Of course, Mr. Zuckerberg and his company have not endorsed anyone, as the ad later clarified. But it was a brazen statement about the frustration within many Democratic campaigns toward Facebook’s policy, which Democrats believe will allow the Trump campaign to spread false information to millions of users.
That said, Democrats are still spending heavily on the platform, to the tune of roughly $32 million this year across 19 candidates, outpacing the money they have spent on television ads.
Yet they are being heavily outflanked by the Trump campaign, which has placed digital infrastructure at the center of its campaign strategy. An expert told my colleagues Kevin Roose and Matthew Rosenberg that the digital delta between the Trump campaign and the Democrats is “like a supercar racing a little Volkswagen Bug.”

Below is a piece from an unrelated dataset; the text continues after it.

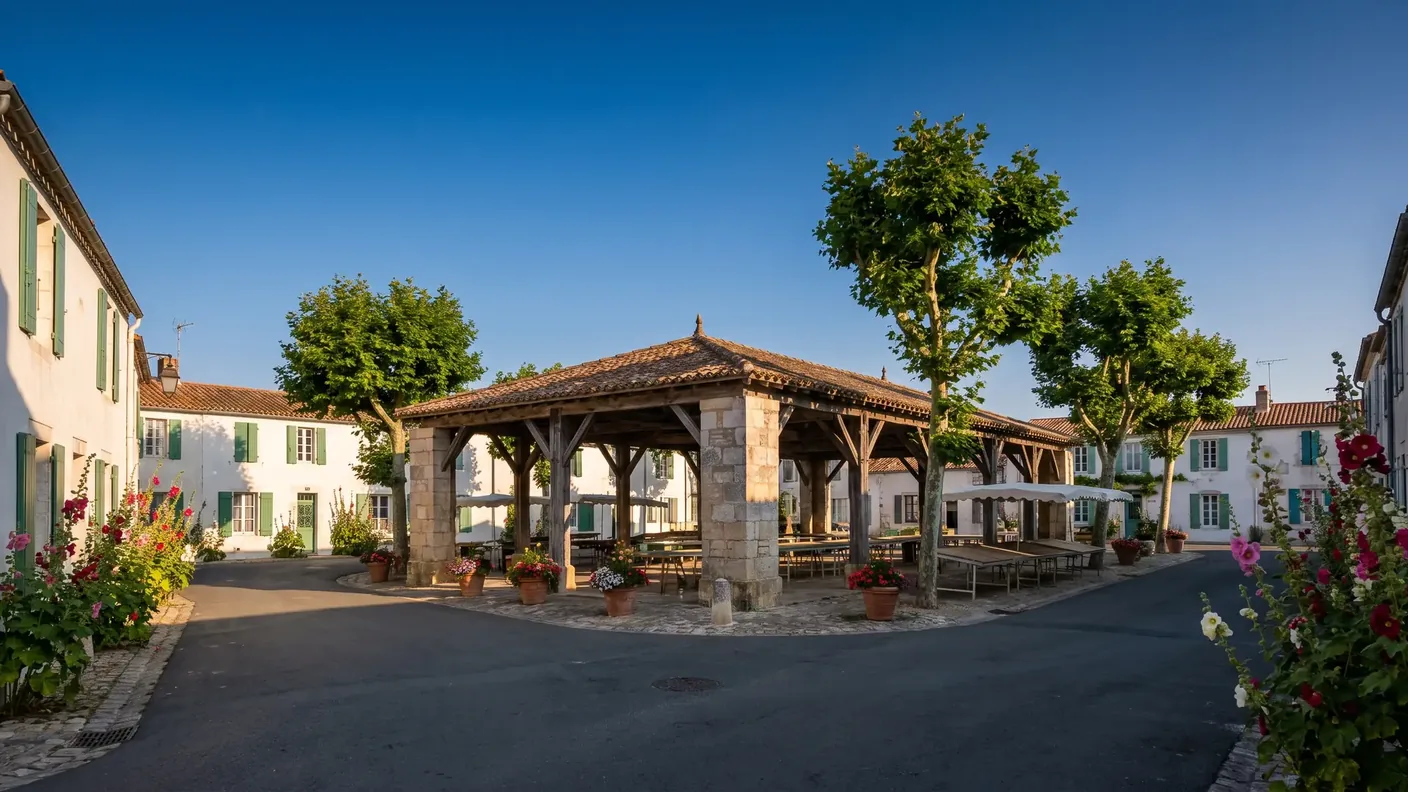 Une place de village de l'île de Ré le matin, une halle de marché couverte ancienne en pierre et bois à toit de tuiles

Also this month, the Trump campaign found itself at the center of a hacking attempt that was apparently backed by the Iranian government. And just yesterday, Facebook announced that it had taken down four state-sponsored disinformation campaigns, three originating in Iran and one in Russia.
All of this illustrates the far-reaching power of the major social platforms, digital strategists say.
“Whether that increase in power and opportunity ends up being more opportunity for mischief (or outright malfeasance), or opportunity to reclaim our civic life, might be up to how much we’re willing to pay attention and take back responsibility and control over the process,” said Michael Slaby, a former digital leader in Barack Obama’s presidential campaign and the chief strategist for Harmony Labs.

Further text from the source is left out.